The Palestine Liberation Organization also tried to scuttle the Camp David agreement, but this hardly seems to have diminished Carter’s affection for Yasir Arafat. In the new book, Carter writes blandly that “When I met with Yasir Arafat in 1990, he stated, ‘The PLO has never advocated the annihilation of Israel. The Zionists started the “drive the Jews into the sea” slogan and attributed it to the PLO.’” This fabrication Carter quotes without comment, leaving the reader to take it at face value. In fact, of course, the covenant of the PLO states that the

partition of Palestine, which took place in 1947, and the establishment of Israel are fundamentally invalid. . . . The Palestinian Arab people . . . reject all alternatives to the total liberation of Palestine.
There is no doubt that Carter is familiar with this, because (as we learn from Brinkley) in a private meeting he lobbied Arafat unsuccessfully to amend it. On that meeting, Carter is mum here.

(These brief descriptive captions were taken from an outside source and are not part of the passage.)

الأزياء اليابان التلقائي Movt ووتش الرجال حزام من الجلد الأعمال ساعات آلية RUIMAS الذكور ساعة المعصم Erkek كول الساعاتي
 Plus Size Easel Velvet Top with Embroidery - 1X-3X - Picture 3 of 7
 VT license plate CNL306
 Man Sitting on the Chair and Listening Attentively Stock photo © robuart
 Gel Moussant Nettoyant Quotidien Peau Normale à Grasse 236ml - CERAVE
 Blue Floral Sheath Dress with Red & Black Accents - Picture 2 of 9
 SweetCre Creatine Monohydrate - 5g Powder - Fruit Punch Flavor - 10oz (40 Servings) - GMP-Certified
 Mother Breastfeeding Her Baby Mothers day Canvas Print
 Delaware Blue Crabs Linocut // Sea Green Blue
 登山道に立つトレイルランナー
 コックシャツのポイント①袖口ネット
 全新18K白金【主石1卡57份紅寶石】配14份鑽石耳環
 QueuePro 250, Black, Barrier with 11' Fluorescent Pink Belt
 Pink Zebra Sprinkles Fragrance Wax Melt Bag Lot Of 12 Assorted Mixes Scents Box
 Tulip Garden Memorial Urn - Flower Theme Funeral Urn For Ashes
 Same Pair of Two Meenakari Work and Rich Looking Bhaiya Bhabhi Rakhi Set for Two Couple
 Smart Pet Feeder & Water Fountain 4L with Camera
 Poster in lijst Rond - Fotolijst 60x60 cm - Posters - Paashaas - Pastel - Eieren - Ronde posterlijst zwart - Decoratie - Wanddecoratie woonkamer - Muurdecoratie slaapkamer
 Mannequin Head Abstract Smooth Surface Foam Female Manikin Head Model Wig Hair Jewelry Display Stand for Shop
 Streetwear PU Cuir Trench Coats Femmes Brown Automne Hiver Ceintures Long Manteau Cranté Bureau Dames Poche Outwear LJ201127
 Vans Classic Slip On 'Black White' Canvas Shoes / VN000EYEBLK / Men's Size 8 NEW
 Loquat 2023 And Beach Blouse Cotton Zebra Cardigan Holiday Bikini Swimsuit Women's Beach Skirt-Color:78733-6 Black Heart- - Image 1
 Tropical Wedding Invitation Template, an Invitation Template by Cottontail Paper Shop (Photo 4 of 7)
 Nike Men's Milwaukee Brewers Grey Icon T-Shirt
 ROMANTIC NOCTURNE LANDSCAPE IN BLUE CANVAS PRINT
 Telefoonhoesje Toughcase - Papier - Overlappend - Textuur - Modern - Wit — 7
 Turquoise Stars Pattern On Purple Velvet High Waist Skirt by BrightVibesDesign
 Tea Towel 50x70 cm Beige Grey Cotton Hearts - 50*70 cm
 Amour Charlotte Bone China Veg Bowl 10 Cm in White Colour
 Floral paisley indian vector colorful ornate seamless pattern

Besides giving a pass to Arafat’s mendacities, Carter also assisted him more actively by, in Brinkley’s words, seeking to “reshap[e] how Yasir Arafat was understood in the United States, not as a terrorist but as a peacemaker.” Toward that end, Carter volunteered as a ghostwriter, “draft[ing] on his home computer the strategy and wording for a generic speech Arafat was to deliver soon for Western ears.” In 1990, when Arafat’s support for Saddam Hussein’s occupation of Kuwait led to a devastating loss of funding for the PLO, Carter appealed to Saudi Arabia to turn the spigot back on. As Brinkley summarizes the ex-President’s feelings for the PLO chieftain, this was a “fondness . . . that transcended politics, based on their emotional connection and the shared belief that they were both ordained to be peacemakers by God.”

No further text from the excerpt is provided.